M: Dude! The Caldecott Books and the Newberry Books were invitations to learn more about the lives of the authors that these awards celebrated and honored as well as the writers who shared shelf space beside them.    

D: Man! Every adult must be able to read the literature children are bringing home because these books are truly breathtaking in their magnitude.

M: Dude! And excellent icebreakers or conversation starters to just about any concern or topic you may have even as an adult trying to learn how to read and write yourself or process your own pain and suffering.

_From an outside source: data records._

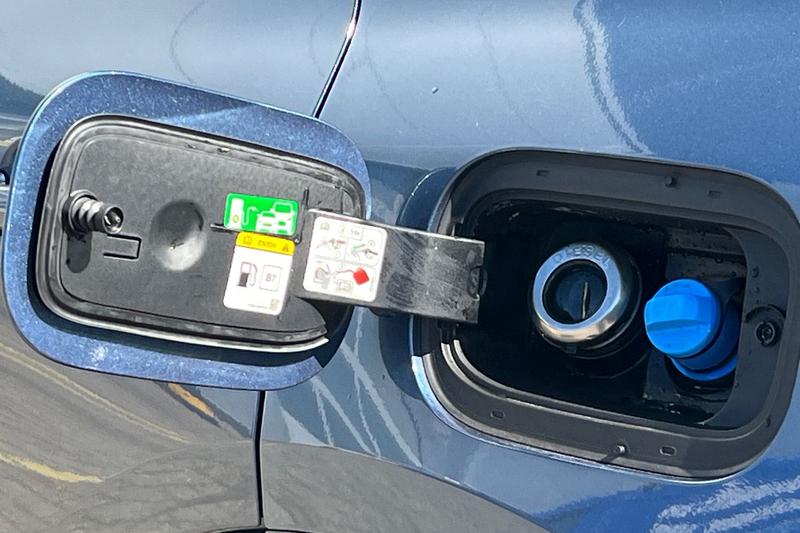 Used Ford Kuga 2020 for sale - 78153061: Photo 34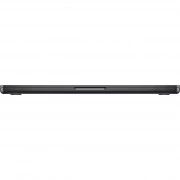 Apple MacBook Pro 14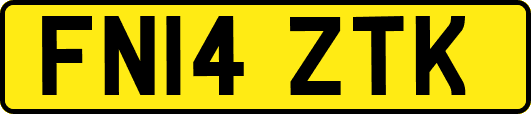 FN14ZTK
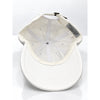 Mercedes Championships Kapalua Maui Golf Hat Imperial Strapback White Vintage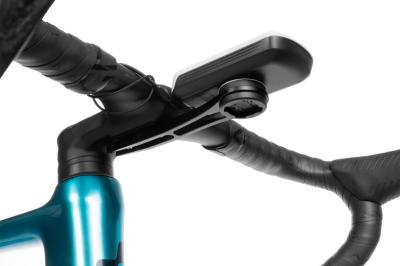 CUBE Navigations Halterung X-Lock Gr&ouml;&szlig;e: L Produktbild 5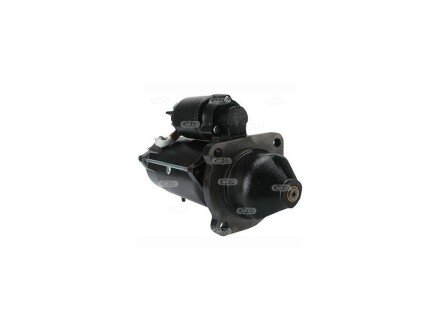Starter CARGO 114852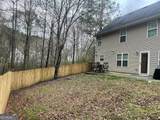 4176 Round Stone Drive - Photo 4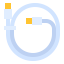USB c cable icon 64x64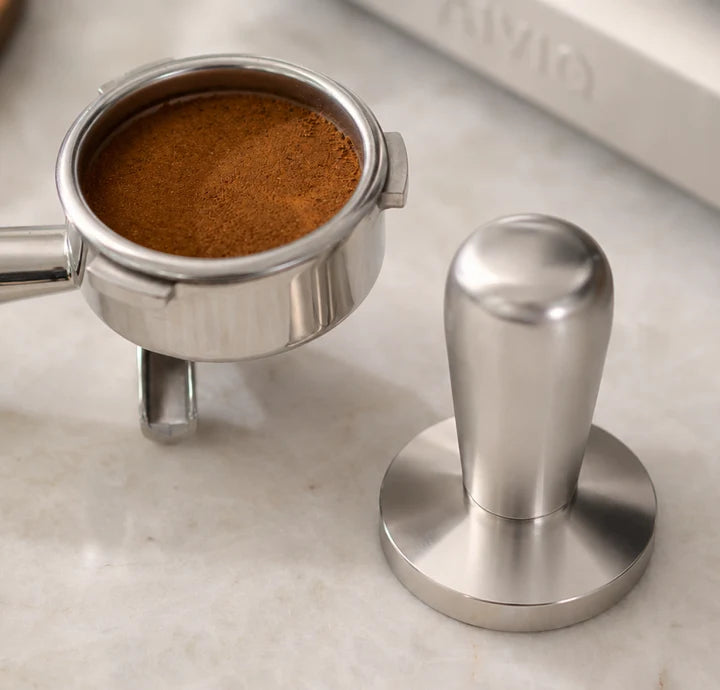 Tamper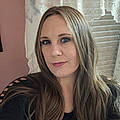 Jennifer L.
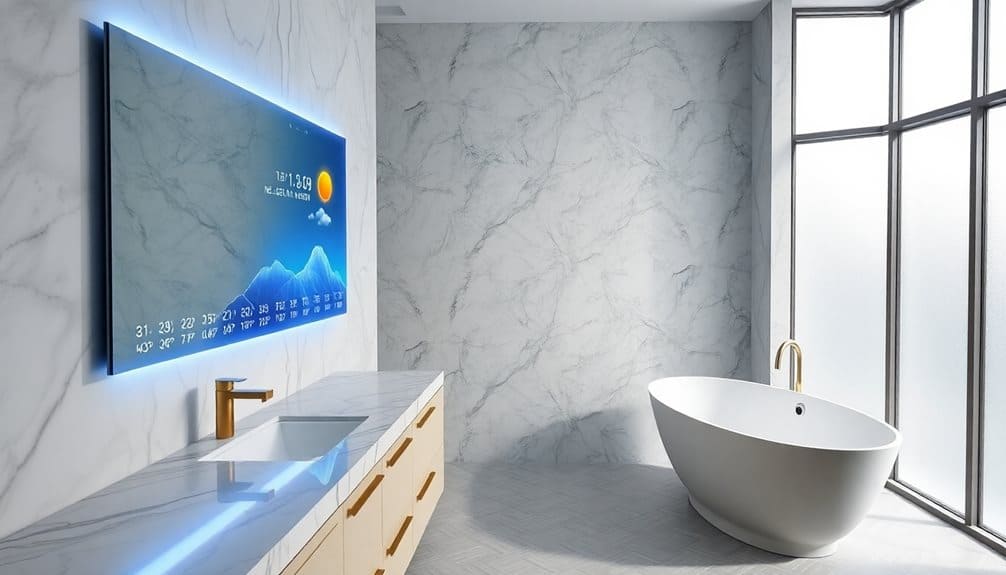 innovative reflective technology solutions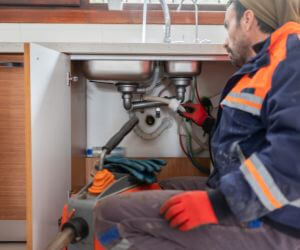 About Water Heater Repair LLC Leopold, MO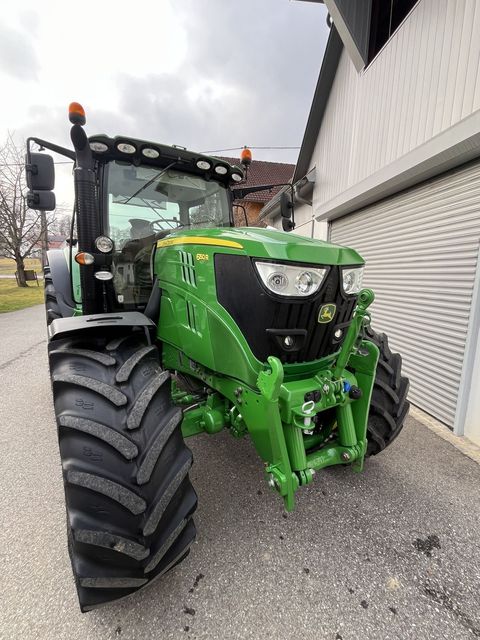 [3372-6495940-5.jpg]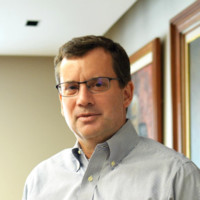 Peter Hahn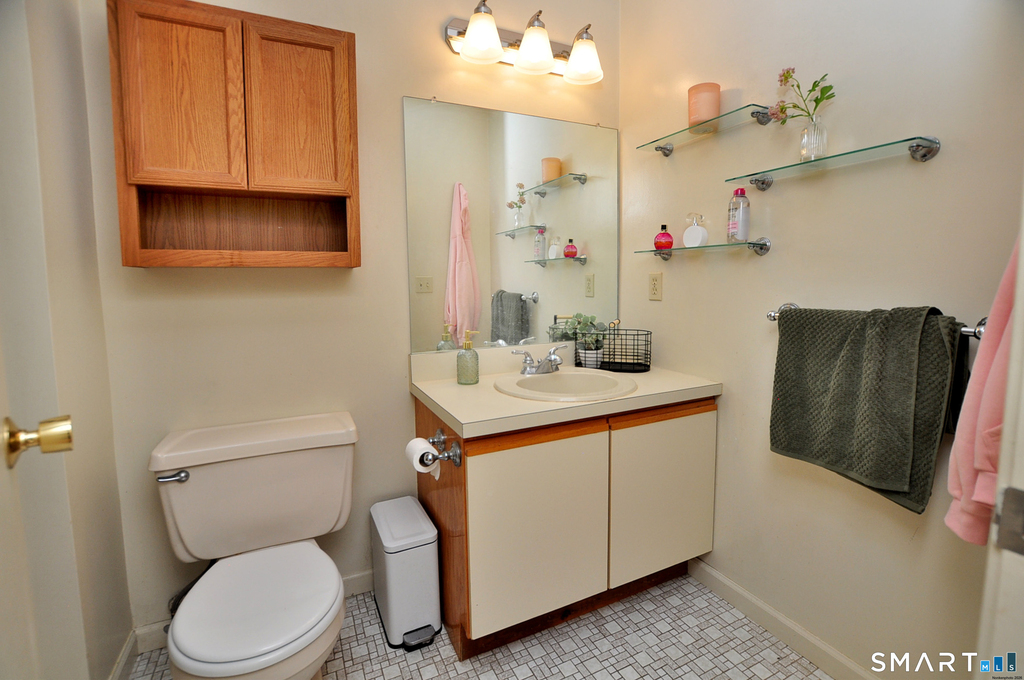 30 Simsbury Landing - Photo 23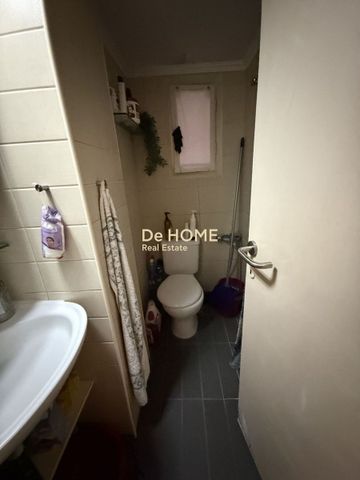 Studio/Γκαρσονιέρα για ενοικίαση Ανάληψη - Μπότσαρη - Νέα Παραλία - Photo 2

D: Man! Oppression takes many forms and this current media trend to reduce intellectual rigor in American society through excising individuals like David Letterman and Jay Leno from hosting late night talk shows and installing nil-wit small fries as their replacements is only one such example of lowering of public standards overall to accommodate the privileged plutocrats and their subordinate lackey politicians who are constructing a subservient idiocracy with their Republican Party and American Press Corps converts.


M: Dude! Small fries? I could use a Big Mac and Super Size Fries in Moscow right about now!